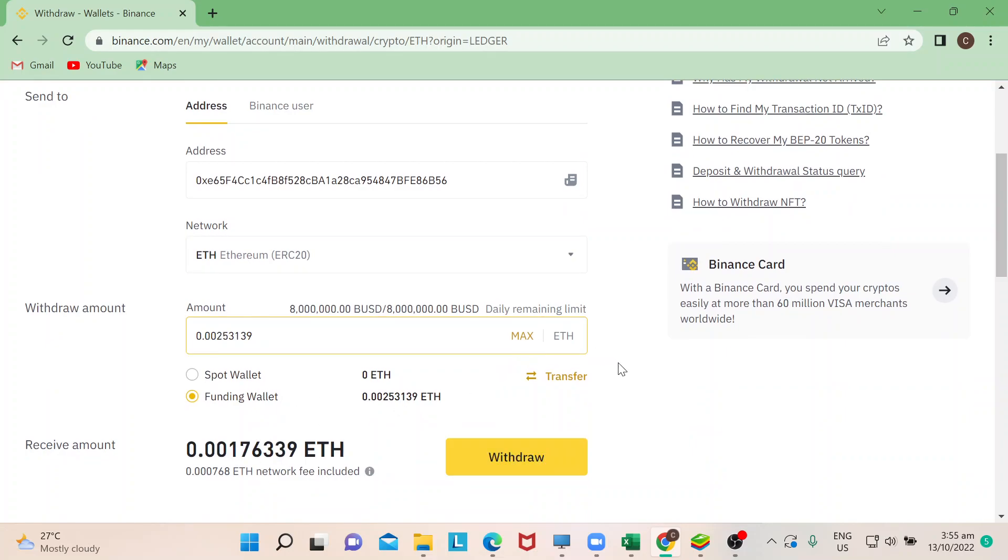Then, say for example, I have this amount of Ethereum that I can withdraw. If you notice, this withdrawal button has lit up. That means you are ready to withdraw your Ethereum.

...

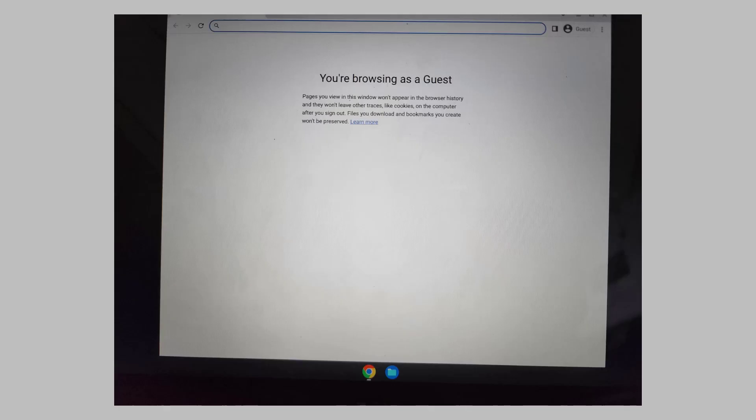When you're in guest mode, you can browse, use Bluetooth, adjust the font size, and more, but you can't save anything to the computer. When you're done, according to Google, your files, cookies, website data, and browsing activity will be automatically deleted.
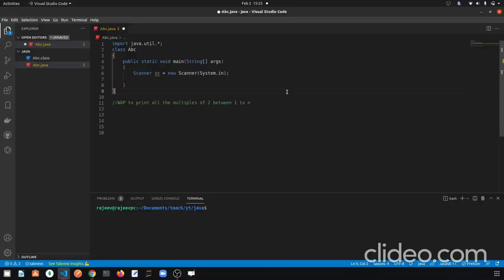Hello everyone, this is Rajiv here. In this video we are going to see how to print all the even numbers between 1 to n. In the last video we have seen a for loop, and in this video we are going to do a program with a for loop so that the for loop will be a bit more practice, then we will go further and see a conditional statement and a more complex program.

> **WORK ITEM**:
Reproduce exactly the lines above starting at the line containing "When you're in" and ending at the line containing "Hello everyone, this", including both, but not the pictures.

> **YOUR SOLUTION**:
When you're in guest mode, you can browse, use Bluetooth, adjust the font size, and more, but you can't save anything to the computer. When you're done, according to Google, your files, cookies, website data, and browsing activity will be automatically deleted.
Hello everyone, this is Rajiv here. In this video we are going to see how to print all the even numbers between 1 to n. In the last video we have seen a for loop, and in this video we are going to do a program with a for loop so that the for loop will be a bit more practice, then we will go further and see a conditional statement and a more complex program.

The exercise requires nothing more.